To be sure, her exquisitely balanced essay rejects ideologically driven historical research which selectively seeks data to confirm the author's pre-existing position. And Steve Stern's opening essay dismisses "pseudo-scholarship - the marshaling and twisting of apparent research to suit a particular line or agenda" (p. 33). Yet, in seeing their work as forms of solidarity with the masses, many historians have done just that. Florencia Mallon notes that postmodern scholar John Beverly only accepts the legitimacy of testimonial literature if it is embedded in "resistance movements, guerrilla struggles, peoples' struggles in the Third World." In Beverly's words, the author and subject must establish "a sense of sisterhood and mutuality in the struggle against a common system of oppression." Following the apparent triumph of capitalism, globalization and neoliberalism in recent decades, he laments, "detached from its [revolutionary] contexts," the genre loses "its special aesthetic and ideological power" (p. 316).

To a degree, I would argue that historians are simply more self-aware and intellectually honest when they question the possibility of completely, or nearly completely, objective and non-ideological social science research. Even the most empirical, quantitatively rigorous research is shaped by the topic that the scholar chooses to investigate, the questions that he chooses to ask, the methodology that he employs, indeed, even the disciplinary subfield in which he had originally chosen to work.

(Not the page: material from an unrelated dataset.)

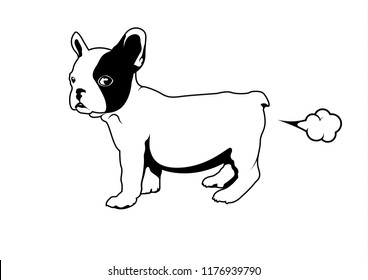 Frenchie with a little fart. Cute French Bulldog logo symbol for your variety of design artworks. For T-shirt screens, printing cards, branding, etc.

Do their "objective" research findings fully explain why political scientists specializing in Latin America are decidedly to the left of their disciplinary colleagues? Or, might their geographical choice of research area, particularly among those who entered the field from the 1960s into the early 1980s, have been influenced by their previous ideological predispositions? Speaking as an academic who, while still in my last years of high school, was first motivated to study Latin America by the film Viva Zapata and the triumph of the Cuban revolution, I certainly did not enter my discipline ideologically neutered.

But, it is one thing to admit the impossibility of total objectivity, and yet another to dismiss objectivity entirely and to consider historical scholarship as a form of scholarly political propaganda. Ethical and epistemological issues aside, I question whether openly declared or self-evident propaganda is likely to convince the reader who is not already converted. I recently heard a presentation by a young political scientist whose field research confirmed many of her original hypotheses regarding the pernicious effects of neoliberalism on Peruvian peasant communities, but contradicted others. Similarly, while her findings supported many of her expectations grounded in feminist theory, they also refuted others. Audience members who were of different ideological bents than her found her arguments far more convincing than had her work been an unmitigated, clarion call for radical change.

Thus, while I find no fault with this volume's stress on progressive political commitment, I am distressed by Weinstein's observation that "few historians would regard themselves as engaging in scientific inquiry or in discovering something we could call objective truth," and by quotations from John Beverly and other postmodern scholars that question the value or possibility of objectivity. Too often in the past, propagandistic, leftist scholarship looked past shortcomings and crippling strategic errors of the Cuban, Nicaraguan and Chilean revolutionary governments, ultimately ill-serving those regimes. A scholar who confines himself to studying non-refutable hypotheses, supporting his own political leanings, learns little that is new.